When using a private DCAT all links associated with private datasets will be revealed. Anyone or any service wanting to access links in private datasets will require an API key attached to the dataset.
API Downloads
API links can be identified when the subdomain is api and the title is API, for example
{
"@type": "dcat:Distribution",
"accessURL": "https://api.usmart.io/org/28ccd497-7cad-4470-bd17-721d5cbbd6ef/08ff206b-d424-44c6-a712-ee029af2e689/1/urql",
"mediaType": "application/json",
"title": "API"
},
A user can access any API links using the same method for querying API connections but they must have an API key attached to that dataset and make the query setting api-key-id and api-key-secret in the headers to the keys values.
File downloads
File downloads can be identified where the address begins with data and the title is a file name.
{
"@type": "dcat:Distribution",
"accessURL": "https://data-staging.usmart.io/org/28ccd497-7cad-4470-bd17-721d5cbbd6ef/resource?resourceGUID=df0fb1eb-e285-4606-84ef-fe8f82871282",
"mediaType": "text/csv",
"title": "overall_summary.csv"
},
{
"@type": "dcat:Distribution",
"accessURL": "https://data-staging.usmart.io/org/28ccd497-7cad-4470-bd17-721d5cbbd6ef/resource?resourceGUID=dde36a7f-d237-48ed-8257-c10fb78e7f4f",
"mediaType": "application/json",
"title": "Test Private DCAT.json"
},
{
"@type": "dcat:Distribution",
"accessURL": "https://data-staging.usmart.io/org/28ccd497-7cad-4470-bd17-721d5cbbd6ef/resource?resourceGUID=3b14fda8-5af7-4b62-8fea-31567d3b4151",
"mediaType": "text/csv",
"title": "Test Private DCAT.csv"
},
{
"@type": "dcat:Distribution",
"accessURL": "https://data-staging.usmart.io/org/28ccd497-7cad-4470-bd17-721d5cbbd6ef/resource?resourceGUID=f3d24f65-bc5d-49b2-ac69-e8f5ced36e89",
"mediaType": "application/xml",
"title": "Test Private DCAT.xml"
},
{
"@type": "dcat:Distribution",
"accessURL": "https://data-staging.usmart.io/org/28ccd497-7cad-4470-bd17-721d5cbbd6ef/additionalDocumentation/72474891-427e-4d31-bef4-a40267f19d19/Food_Menu.pdf",
"mediaType": "application/pdf",
"title": "Food_Menu.pdf"
}
There are 3 type's of file downloads, UI File Downloads, Raw File Downloads, and Additional Documentation File Downloads.

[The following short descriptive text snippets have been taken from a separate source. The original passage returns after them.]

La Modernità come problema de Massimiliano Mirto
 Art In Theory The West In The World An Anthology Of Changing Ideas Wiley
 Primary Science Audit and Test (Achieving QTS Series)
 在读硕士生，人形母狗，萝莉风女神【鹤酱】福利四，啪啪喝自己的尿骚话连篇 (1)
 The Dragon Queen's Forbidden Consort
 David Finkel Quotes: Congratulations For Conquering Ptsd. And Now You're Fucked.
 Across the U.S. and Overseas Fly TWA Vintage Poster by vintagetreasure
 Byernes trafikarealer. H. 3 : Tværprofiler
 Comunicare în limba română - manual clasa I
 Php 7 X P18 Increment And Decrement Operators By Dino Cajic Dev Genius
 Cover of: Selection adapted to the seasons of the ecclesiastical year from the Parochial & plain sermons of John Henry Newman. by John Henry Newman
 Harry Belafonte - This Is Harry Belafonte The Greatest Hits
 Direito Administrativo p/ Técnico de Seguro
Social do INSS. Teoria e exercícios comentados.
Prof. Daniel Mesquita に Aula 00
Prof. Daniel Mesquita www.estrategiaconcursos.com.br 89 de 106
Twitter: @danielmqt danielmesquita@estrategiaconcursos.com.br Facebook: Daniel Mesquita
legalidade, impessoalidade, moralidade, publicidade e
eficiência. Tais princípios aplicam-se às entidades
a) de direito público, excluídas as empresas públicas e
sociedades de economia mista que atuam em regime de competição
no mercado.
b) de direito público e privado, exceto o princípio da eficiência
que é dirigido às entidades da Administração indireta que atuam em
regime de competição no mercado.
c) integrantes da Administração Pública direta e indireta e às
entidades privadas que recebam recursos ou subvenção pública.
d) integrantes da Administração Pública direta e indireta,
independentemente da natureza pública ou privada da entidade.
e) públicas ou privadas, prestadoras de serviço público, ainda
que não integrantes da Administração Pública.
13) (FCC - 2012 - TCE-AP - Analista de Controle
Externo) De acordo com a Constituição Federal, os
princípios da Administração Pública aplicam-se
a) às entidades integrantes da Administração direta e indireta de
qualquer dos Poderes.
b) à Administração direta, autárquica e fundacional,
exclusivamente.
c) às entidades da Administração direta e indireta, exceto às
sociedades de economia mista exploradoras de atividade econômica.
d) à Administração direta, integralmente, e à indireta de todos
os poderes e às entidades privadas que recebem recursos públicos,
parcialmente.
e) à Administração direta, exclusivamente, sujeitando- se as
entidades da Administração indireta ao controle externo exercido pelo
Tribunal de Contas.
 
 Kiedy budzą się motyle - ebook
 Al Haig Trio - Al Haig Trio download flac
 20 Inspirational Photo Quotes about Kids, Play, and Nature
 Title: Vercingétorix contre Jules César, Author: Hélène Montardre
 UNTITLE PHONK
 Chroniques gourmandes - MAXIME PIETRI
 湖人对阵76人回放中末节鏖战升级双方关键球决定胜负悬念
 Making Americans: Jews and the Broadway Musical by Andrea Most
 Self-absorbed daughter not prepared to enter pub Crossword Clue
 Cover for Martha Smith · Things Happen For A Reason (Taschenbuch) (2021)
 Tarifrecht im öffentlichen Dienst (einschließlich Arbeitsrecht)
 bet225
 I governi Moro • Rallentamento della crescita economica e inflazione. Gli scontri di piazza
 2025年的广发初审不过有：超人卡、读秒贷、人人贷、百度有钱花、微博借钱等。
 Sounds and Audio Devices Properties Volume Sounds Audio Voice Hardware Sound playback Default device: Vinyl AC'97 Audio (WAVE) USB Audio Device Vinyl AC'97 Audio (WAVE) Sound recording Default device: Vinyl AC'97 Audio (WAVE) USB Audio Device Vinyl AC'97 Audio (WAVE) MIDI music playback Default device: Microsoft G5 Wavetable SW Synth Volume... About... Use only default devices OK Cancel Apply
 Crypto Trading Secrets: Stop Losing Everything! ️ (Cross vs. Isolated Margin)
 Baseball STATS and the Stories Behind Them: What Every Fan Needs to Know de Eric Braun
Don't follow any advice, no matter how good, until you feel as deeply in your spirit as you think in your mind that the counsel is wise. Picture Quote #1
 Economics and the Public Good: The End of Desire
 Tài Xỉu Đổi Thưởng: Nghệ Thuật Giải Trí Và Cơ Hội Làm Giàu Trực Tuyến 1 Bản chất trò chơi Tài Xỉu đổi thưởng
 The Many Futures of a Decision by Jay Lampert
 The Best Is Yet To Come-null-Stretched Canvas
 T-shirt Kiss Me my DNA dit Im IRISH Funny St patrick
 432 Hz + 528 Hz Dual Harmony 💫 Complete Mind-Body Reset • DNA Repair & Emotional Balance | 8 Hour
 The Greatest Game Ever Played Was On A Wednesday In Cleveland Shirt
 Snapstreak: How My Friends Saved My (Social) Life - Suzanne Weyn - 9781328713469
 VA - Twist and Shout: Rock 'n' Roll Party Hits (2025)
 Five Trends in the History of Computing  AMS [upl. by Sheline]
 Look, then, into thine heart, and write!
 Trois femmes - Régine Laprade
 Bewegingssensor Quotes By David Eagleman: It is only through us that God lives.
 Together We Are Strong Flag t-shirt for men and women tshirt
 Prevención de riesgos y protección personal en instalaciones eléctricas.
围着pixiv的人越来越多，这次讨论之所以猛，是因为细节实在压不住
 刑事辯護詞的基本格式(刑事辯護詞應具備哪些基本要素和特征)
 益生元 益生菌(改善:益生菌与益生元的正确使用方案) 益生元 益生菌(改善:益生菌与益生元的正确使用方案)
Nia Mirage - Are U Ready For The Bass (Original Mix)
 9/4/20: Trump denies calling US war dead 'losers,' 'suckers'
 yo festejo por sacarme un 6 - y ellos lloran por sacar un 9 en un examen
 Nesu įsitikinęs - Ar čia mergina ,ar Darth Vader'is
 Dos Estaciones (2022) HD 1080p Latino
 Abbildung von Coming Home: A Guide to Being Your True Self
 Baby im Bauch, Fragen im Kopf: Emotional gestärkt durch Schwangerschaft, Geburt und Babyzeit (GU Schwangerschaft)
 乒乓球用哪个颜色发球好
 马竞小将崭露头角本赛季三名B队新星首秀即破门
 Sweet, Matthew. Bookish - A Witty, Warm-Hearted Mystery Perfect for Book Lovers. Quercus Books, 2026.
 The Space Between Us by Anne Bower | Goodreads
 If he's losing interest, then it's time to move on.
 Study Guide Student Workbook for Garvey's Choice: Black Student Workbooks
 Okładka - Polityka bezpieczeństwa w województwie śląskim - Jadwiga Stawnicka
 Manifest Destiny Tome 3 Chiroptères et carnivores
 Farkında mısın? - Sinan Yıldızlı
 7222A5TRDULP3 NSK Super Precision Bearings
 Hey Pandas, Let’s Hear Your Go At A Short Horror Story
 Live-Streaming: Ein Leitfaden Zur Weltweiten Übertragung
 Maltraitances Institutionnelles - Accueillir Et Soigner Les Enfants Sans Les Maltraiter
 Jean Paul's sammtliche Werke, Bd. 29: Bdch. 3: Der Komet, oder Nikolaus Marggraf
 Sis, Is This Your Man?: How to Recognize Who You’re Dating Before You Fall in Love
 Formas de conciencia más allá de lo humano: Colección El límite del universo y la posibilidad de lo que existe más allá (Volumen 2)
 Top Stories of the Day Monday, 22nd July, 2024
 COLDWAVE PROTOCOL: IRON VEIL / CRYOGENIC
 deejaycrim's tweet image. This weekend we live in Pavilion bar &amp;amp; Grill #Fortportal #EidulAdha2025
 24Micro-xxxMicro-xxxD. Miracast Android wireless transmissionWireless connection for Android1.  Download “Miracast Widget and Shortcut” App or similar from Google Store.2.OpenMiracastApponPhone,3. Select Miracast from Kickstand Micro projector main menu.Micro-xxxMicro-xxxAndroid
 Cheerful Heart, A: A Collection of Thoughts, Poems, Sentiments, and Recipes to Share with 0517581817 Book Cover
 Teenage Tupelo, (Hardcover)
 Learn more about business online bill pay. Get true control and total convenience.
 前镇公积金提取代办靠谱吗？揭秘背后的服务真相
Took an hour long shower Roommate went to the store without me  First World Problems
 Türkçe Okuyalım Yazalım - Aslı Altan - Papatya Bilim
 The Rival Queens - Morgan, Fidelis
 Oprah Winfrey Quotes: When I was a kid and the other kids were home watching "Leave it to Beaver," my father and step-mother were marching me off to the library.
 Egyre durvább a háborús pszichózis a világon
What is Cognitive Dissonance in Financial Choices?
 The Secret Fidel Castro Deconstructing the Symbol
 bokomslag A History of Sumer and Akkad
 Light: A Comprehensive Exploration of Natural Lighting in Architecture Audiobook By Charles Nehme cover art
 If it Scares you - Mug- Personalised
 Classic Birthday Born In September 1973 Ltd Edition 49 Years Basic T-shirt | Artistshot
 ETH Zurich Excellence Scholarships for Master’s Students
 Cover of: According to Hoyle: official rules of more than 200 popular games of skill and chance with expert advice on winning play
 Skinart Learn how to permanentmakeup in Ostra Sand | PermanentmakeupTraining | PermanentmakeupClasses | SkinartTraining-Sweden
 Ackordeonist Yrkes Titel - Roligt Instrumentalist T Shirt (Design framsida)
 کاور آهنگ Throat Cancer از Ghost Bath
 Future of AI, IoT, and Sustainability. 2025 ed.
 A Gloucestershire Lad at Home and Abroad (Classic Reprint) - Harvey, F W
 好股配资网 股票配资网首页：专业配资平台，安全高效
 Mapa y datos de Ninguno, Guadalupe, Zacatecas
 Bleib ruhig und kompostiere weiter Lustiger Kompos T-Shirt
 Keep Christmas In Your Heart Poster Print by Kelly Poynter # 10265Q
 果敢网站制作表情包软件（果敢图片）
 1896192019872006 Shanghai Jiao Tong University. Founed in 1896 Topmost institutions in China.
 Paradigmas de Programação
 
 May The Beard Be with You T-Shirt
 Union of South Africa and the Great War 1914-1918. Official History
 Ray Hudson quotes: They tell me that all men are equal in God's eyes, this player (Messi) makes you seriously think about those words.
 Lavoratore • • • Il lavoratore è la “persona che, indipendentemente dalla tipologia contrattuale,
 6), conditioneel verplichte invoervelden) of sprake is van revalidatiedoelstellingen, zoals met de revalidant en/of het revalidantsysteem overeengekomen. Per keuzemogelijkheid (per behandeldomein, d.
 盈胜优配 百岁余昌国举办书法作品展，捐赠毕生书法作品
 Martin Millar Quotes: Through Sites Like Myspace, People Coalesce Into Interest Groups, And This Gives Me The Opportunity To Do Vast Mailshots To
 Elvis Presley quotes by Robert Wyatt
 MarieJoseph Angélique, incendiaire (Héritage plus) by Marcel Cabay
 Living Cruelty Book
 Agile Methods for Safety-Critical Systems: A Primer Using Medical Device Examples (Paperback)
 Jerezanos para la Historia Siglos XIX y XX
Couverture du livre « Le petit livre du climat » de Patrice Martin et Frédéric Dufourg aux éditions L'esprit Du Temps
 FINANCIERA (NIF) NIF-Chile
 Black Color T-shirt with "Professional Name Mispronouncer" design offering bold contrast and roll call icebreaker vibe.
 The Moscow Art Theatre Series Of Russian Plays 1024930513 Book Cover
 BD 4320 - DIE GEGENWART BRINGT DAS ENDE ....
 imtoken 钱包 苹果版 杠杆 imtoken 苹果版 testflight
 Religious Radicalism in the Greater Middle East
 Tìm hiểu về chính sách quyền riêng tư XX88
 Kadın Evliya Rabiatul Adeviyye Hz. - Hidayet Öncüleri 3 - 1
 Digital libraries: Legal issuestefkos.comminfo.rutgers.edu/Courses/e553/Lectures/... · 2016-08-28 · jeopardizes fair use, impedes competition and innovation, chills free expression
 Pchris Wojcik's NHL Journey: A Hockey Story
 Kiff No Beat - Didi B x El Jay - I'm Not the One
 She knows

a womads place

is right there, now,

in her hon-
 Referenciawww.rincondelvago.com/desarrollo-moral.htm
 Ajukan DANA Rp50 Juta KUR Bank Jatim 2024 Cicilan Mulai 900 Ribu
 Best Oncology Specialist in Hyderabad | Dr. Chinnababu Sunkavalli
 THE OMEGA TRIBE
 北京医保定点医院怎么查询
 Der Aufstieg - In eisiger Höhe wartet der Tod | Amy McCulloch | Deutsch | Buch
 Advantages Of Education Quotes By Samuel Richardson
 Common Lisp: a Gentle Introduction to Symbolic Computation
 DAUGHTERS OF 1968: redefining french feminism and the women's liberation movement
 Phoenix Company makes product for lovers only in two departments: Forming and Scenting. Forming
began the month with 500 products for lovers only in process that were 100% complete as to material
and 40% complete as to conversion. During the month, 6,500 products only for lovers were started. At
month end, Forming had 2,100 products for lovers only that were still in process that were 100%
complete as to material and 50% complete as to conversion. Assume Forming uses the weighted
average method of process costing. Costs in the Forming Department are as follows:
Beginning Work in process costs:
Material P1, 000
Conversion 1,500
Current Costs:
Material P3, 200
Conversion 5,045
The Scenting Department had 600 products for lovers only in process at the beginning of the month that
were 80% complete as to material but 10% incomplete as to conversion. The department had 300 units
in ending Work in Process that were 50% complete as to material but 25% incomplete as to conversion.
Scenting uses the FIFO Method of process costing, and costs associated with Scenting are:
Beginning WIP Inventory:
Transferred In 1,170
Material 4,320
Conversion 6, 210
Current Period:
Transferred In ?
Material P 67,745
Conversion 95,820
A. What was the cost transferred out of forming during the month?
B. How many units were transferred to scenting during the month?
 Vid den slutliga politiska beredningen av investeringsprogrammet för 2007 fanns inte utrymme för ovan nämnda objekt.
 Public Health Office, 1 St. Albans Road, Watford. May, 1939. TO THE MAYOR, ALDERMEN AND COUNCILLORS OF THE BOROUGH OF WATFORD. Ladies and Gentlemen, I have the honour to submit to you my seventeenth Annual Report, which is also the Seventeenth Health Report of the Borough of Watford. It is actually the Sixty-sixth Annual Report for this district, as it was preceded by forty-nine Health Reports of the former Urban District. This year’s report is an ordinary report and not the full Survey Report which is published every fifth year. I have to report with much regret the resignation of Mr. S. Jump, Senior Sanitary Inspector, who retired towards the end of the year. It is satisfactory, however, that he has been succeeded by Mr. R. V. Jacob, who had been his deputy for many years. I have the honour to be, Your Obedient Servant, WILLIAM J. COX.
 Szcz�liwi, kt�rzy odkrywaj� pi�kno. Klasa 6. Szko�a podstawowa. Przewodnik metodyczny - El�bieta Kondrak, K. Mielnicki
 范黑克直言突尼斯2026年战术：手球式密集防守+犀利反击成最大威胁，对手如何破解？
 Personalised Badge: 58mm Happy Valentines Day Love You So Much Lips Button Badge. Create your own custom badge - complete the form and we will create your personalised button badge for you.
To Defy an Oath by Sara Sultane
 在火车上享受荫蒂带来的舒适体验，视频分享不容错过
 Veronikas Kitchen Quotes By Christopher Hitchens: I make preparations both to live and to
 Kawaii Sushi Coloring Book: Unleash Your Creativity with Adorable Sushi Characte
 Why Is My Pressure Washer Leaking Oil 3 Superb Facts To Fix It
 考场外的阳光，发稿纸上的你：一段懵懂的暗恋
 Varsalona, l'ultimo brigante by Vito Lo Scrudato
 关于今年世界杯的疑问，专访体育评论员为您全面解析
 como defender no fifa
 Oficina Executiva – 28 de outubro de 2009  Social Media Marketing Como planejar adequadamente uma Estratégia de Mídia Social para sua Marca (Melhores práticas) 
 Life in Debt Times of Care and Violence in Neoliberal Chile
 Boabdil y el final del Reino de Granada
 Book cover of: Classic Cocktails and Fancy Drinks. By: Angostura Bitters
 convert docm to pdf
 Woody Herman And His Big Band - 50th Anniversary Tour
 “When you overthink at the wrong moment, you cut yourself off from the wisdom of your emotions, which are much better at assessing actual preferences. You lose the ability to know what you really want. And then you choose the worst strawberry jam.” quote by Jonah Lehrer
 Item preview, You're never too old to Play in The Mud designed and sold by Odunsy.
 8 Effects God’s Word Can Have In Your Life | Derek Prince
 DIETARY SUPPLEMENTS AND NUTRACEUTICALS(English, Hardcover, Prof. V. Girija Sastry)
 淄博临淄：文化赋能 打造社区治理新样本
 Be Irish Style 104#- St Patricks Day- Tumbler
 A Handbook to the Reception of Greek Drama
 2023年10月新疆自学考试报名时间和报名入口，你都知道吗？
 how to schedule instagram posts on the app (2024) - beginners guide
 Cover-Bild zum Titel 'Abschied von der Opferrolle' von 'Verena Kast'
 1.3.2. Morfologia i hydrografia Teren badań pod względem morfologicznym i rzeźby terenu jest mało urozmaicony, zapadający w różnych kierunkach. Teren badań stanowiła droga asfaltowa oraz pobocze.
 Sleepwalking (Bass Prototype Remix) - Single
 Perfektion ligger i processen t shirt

Using the following image as an example.
UI File Downloads
These can be identified in DCAT when the subdomain is data, the media type is “text/csv”, “application/xml”, and “application/json”, the path after the organisationGUID begins with “fileDownload”, and the file name is the name of the dataset. These can be downloaded with an API key connected to the dataset, add the api-key-id and api-key-secret as headers in the https request.
Raw File Downloads
These can be identified in DCAT when the subdomain is data, the media type depends on the file type, in the example above “text/csv”, the path after the organisationGUID begins with “fileDownload”, and the file name will match the name of the file uploaded on the UI. These can be downloaded with an API key connected to the dataset, add the api-key-id and api-key-secret as headers in the https request.
Additional Documentation
These can be identified in DCAT when the subdomain is data, the media type depends on the file type, in the example above “application/pdf” and the path after the organisationGUID begins with “additionalDocumentation/”. These can be downloaded with an API key connected to the dataset, add the api-key-id and api-key-secret as headers in the https request.